老农死死的抓住医生的衣角,满脸泪痕的问道:“帮我们支付费用的那个是不是头发有红有黄,像一个小混混?”
“听说好像是的。”
得到医生的回答后,老农泪流满面,除了跪拜天地和父母之外的膝盖,对准楚阳离开的方向跪了下来:“恩人啊,你这样做要我怎样才能报答你!”
老农哭的眼泪一把,鼻涕一把,像一副悲情的画。
躺在床上的苏星云眼角留下两行清泪,他的声音有些哽咽,哽咽的声音逐渐变大,最后变成嚎啕大哭。
苏星云本来打算就算是肾源到了,他也不会去换,因为换肾过后的就算没有排斥反应,每年光是吃药的钱,也足以把他本就东借西借的家拖入无底深渊。
他打算寻死,他死之后,他父亲虽然很苦,但是在把钱还了之后,或许还能有一些年好日子过。
但是,他没想到这个世界上真的有好心人替他们支付了几十万的换肾费用,还给他们留下了十万块钱的营养费!
他在被女人抛弃之后,重新燃起了活着的希望。
苏星云泪水模糊了双眼,挣扎着爬起来对着楚阳离开的方向跪了下来:“恩人,你可能不缺钱,我这辈子或许也还不起你钱,但是,我一定会在家里给你请个长生牌位,日夜供奉。”

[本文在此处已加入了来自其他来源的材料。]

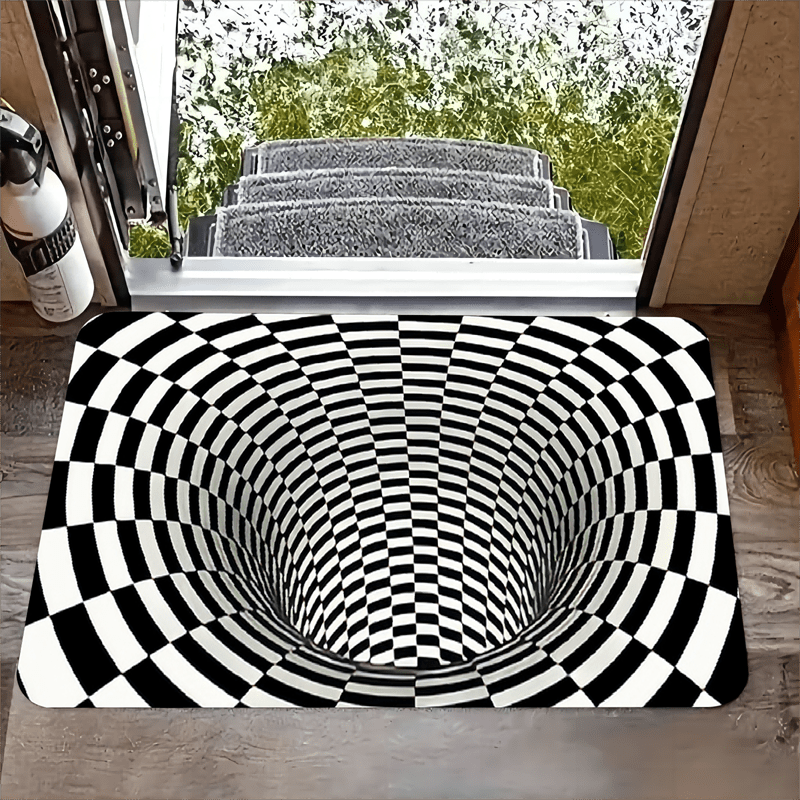 Rectangular Non-Slip Polyester Flannel Mat with 3D Optical Illusion Design - Perfect for Living Room, Bedroom, Bathroom, Kitchen, Laundry. Features Machine Washability, Low Pile, Waterproof, Anti-Static, and 1.2cm Thickness.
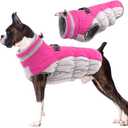 Lelepet Dog Coat with Harness Waterproof Dog Jacket, Reflective & Adjustable Turtleneck Neckline, Warm Fleece Vest for Winter, Coats for Medium Dogs, Rose Red, M, Boston Terrier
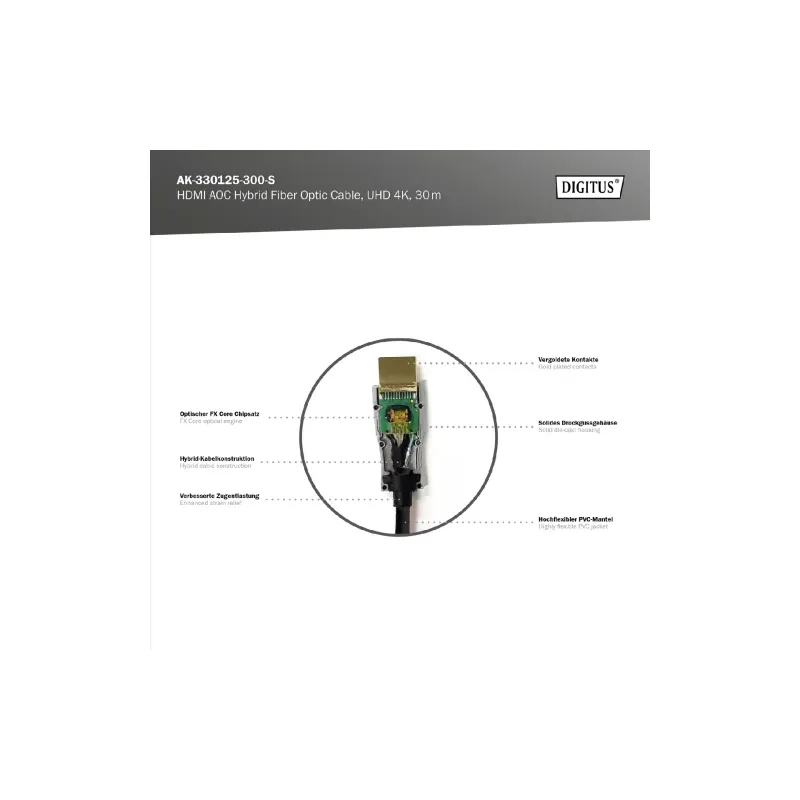 Кабел Digitus HDMI, Black (AK-330125-300-S)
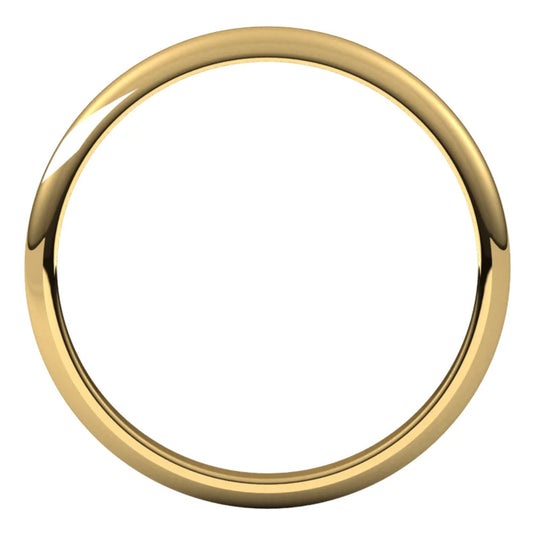 Lightweight Comfort Fit Half Round Band Yellow Gold Top View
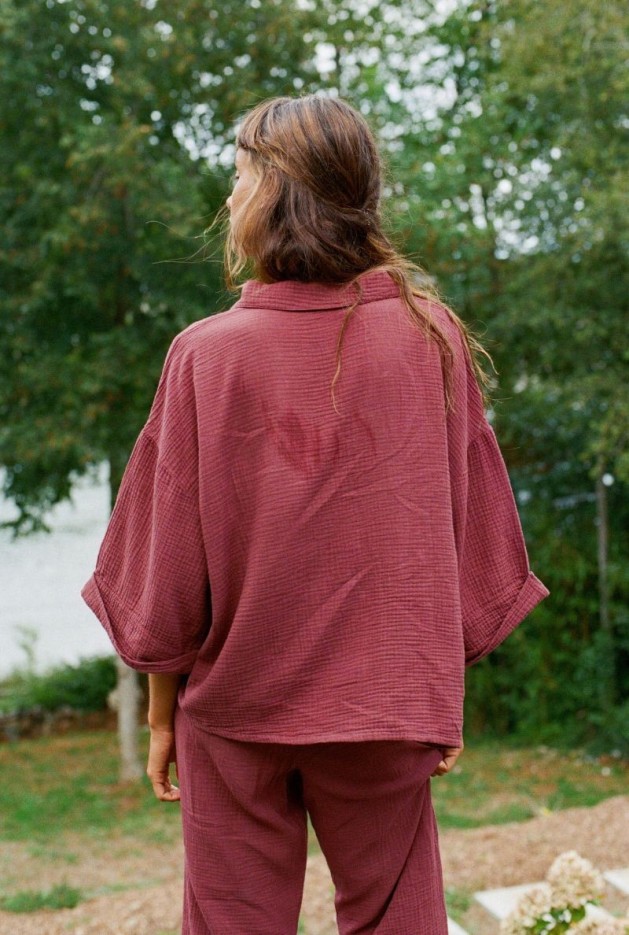 Chemise Axelle Prune en Coton Bio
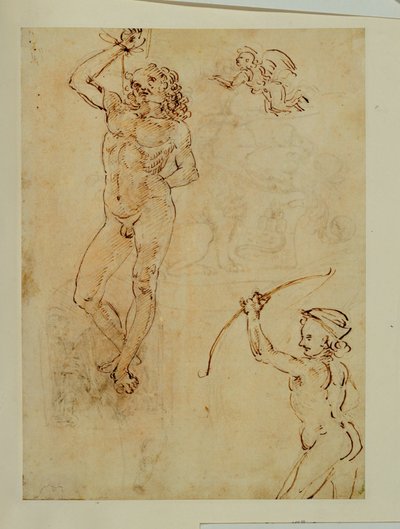 Skiss till Sankt Sebastians martyrskap ... av Francesco di Simone (attr. to)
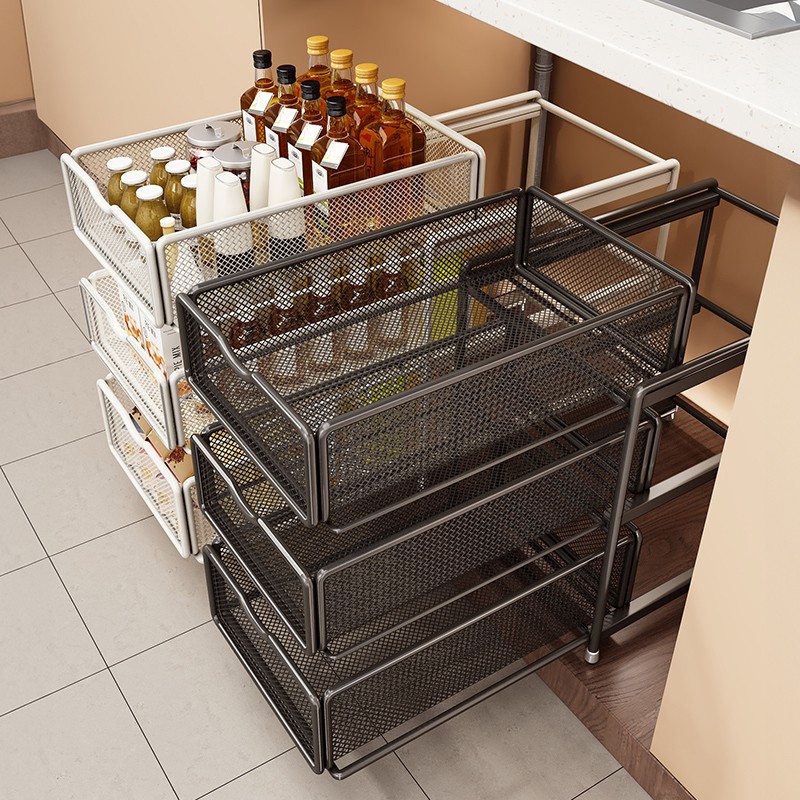 日本厨房抽拉式置物架橱柜分层架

就在这个时候,走道里响起了慌乱的脚步声,刚才让苏星云在离婚协议上签字的女人仿佛死了爹娘一样的来回在病房里扫射,火急火燎的鼻涕一把眼泪一把的问老农:“刚才跟你一起来的那个小混混呐?”
老农擦了擦眼泪,努力让自己平静,带着一丝仇视和鄙夷的看了女人一眼,说道:“他走了。”

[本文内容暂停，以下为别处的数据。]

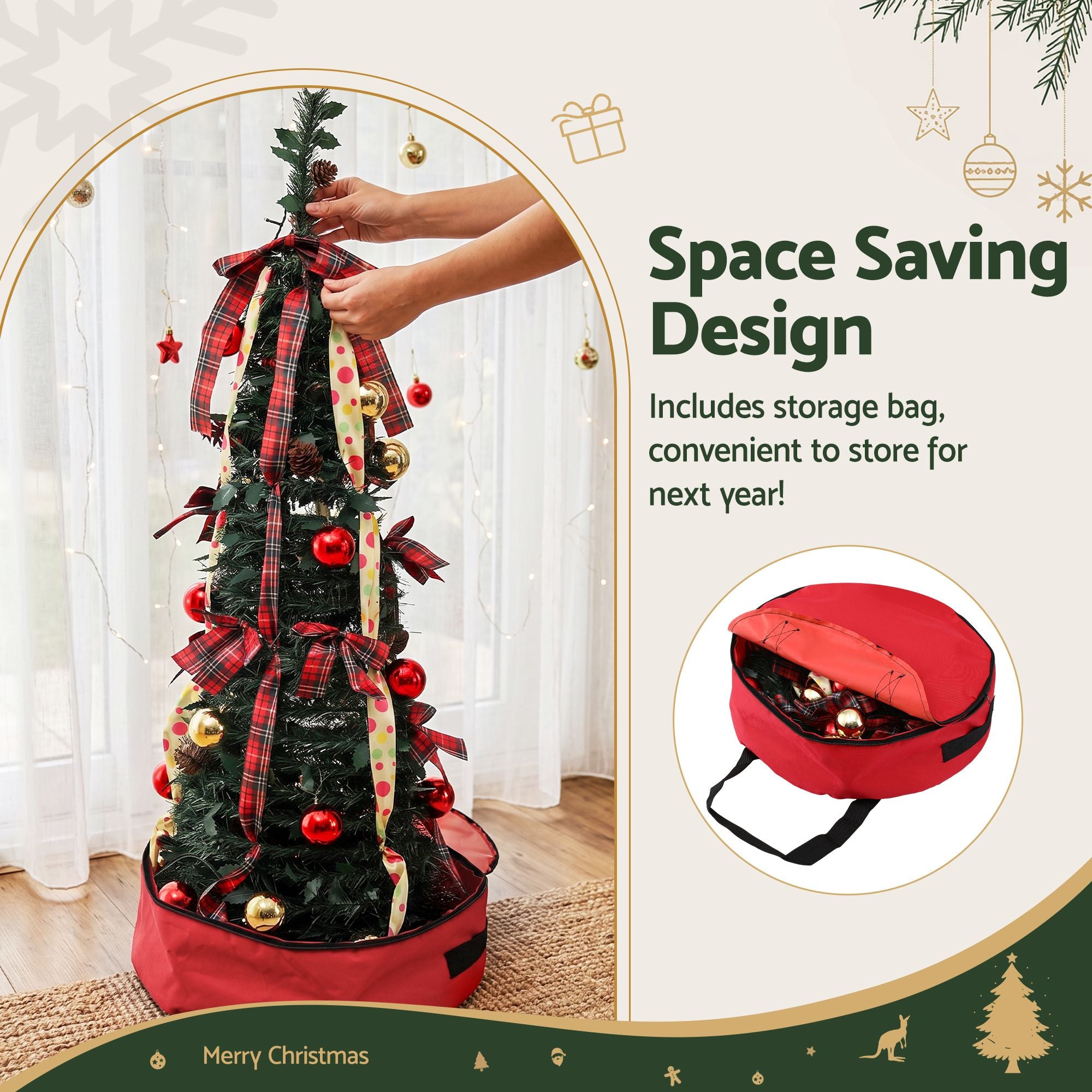 Jingle Jollys Pop Up Christmas Tree Pre Decorated Artificial 160cm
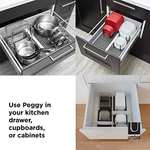 Umbra Peggy Kitchen Cupboard, Shelf and Drawer Organizer Tray - Adjustable Storage System for Food Containers, Cookware & more - Set of 2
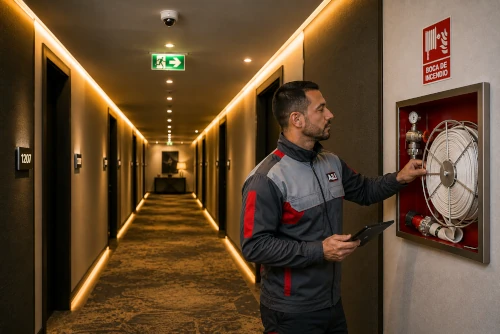 Técnico especializado realizando mantenimiento PCI y revisión de una Boca de Incendio Equipada (BIE) en un hotel de Alcalá de Henares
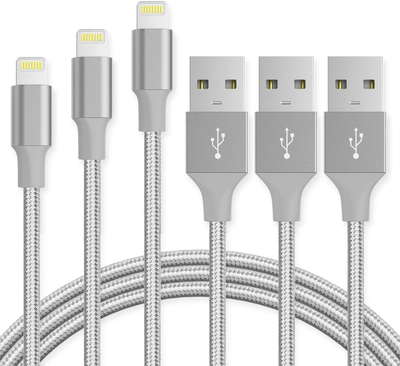 3 Pack Lightning Fast Charge iPhone & iPad - Braided USB Charging Cables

女人身形晃了晃,靠在墙上,头脑有些发晕,等回神后,她带着哭腔的说道:“爸,爸,你赶紧让他回来,求你了!”
老农有些悲戚,带着泪水笑了两声:“你这两声爸,我承受不起。”
像这样只顾着享受,并且动不动就对他打骂,动不动就把他赶走,经常不给他饭吃的恶毒女人,他从来就没有承认过。
女人脸上的绝望神色变浓,她看向病床上的苏星云,声泪俱下:“星云,一日夫妻百日恩,你我之间多少也是有感情的,看在往日的情分上,求你让刚才走的那个人回来吧,那个人的一个电话,叮当集团的督查组就把徐远彻底的调查了,徐远要被判刑的,他要被判刑了,他的家人绝对不会放过我的。星云,求你了,只要你能让那个人回来,只要你能让那个人让叮当集团不要调查徐远,我什么都听你的。”

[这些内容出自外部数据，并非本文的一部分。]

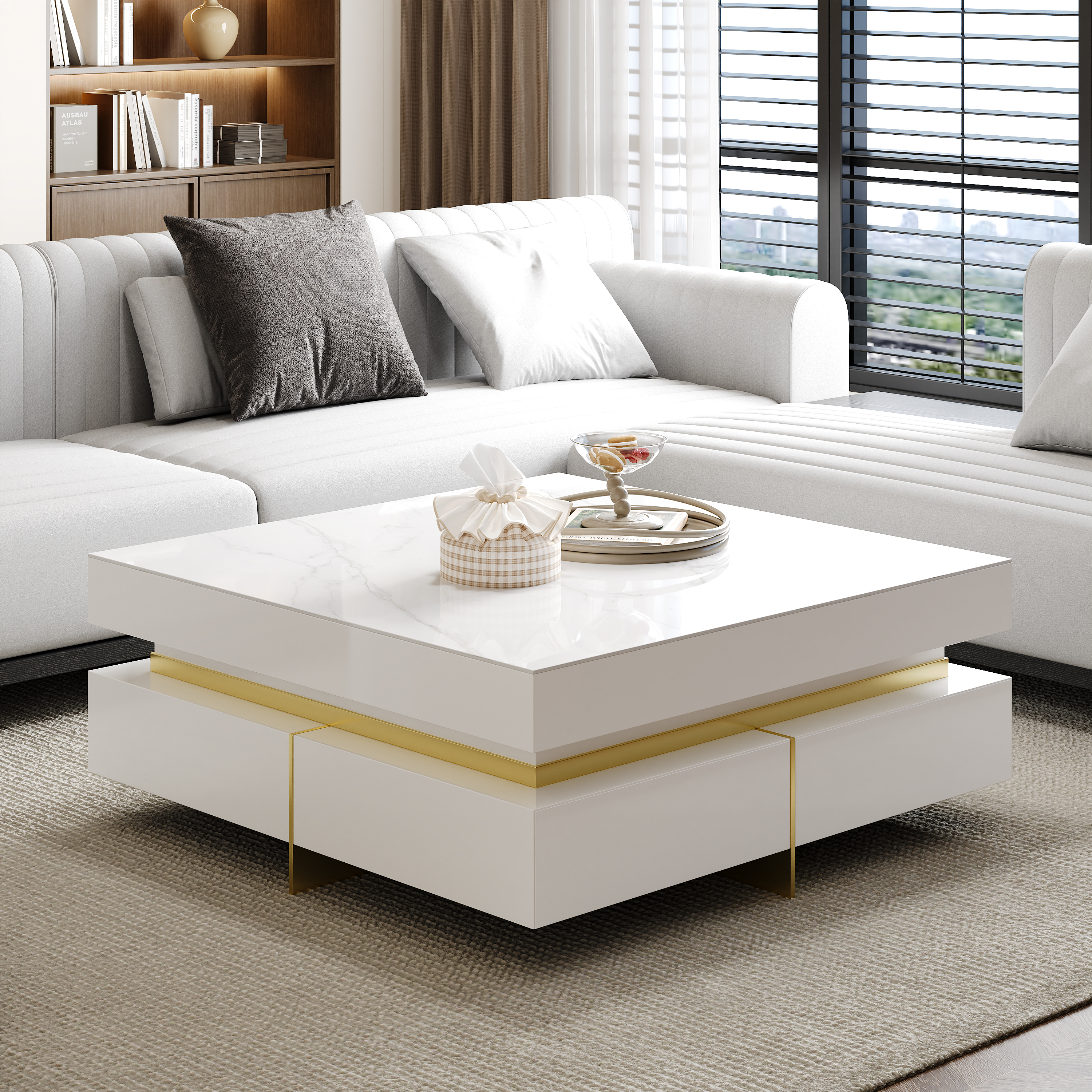White Modern Square Coffee Table with Drawers Sintered Stone Top & Metal Legs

女人有点疯狂,踉跄着爬到苏星云的床前,双手死死的握着苏星云的手,两只眼睛中有无尽的惊恐:“星云,我错了,我真的错了!”
女人的声音急促而疯狂:“我不该在你最困难的时候抛弃你,不该在你刚生病的时候,就勾搭徐远,我错了,我真的错了。星云,我不和你离婚了好不好?我意识到错了,我以后一定改邪归正,做一个本分的老婆,好不好?求你打个电话让那个人回来吧,求你了,只要他让叮当集团不调查徐远,你说什么我就做什么,求你了!”
苏星云擦了擦眼泪,看着自己以前心爱的女人,如今却如同丧家之犬一样的悲鸣哀嚎,他的内心有一丝畅快,更多的是悲戚。
苏星云看向他的父亲:“爸,如果可以,就让那个人不要调查徐远了。娇娇她是我以前的爱人,我实在不忍心看着她变成这个样子。”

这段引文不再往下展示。